L’emploi du temps de Girel est serré. Il est souvent dans le train. D’un hôtel à l’autre, il correspond avec ses patrons. Mais en bon fils, il réussit tout de même à écrire régulièrement à sa mère.

Que peut-il bien lui raconter qui nous intéresse aujourd’hui ? Et quel rôle joue la correspondance comme source historique dans le cas du Cinématographe Lumière ?

« Messieurs Lumière et frères a [sic] Lyon ». En 1897, Girel est au Japon. Le concessionnaire auquel il est attaché se nomme Katsutarō Inabata. C’est un industriel spécialisé dans la teinture du textile.
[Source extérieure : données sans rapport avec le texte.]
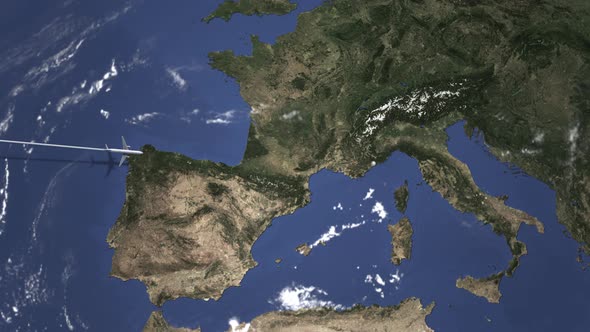 Airliner Flying To Nice France From West alt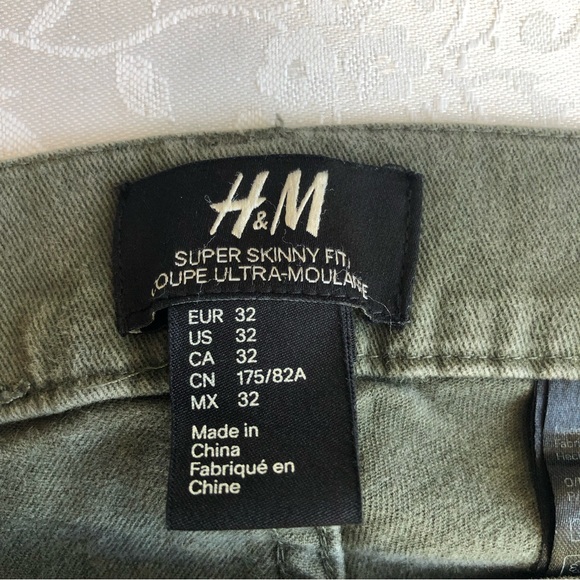 H&M Super Skinny Fit Olive Green Jeans Denim Pants Women’s Size 32 Stretchy - Picture 7 of 16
Il avait fait ses études à Lyon et gardait des liens avec la France. Les lettres envoyées par Girel durant son année japonaise n’ont pas été publiées. Par contre, quatre envois de Katsutarō Inabata aux Lumière ont resurgi récemment. Cette correspondance méconnue, rédigée en français, nous fait passer ainsi de la relation familiale à la relation d’affaires [1].

On en prendra connaissance ici grâce à l’obligeance de leur propriétaire, l’entreprise Inabata & Co., Ltd., Osaka, que nous remercions vivement. Nos remerciements vont également à l’Institut Lumière (Lyon), qui conserve la correspondance de Constant Girel et nous a autorisé à en produire la présente édition.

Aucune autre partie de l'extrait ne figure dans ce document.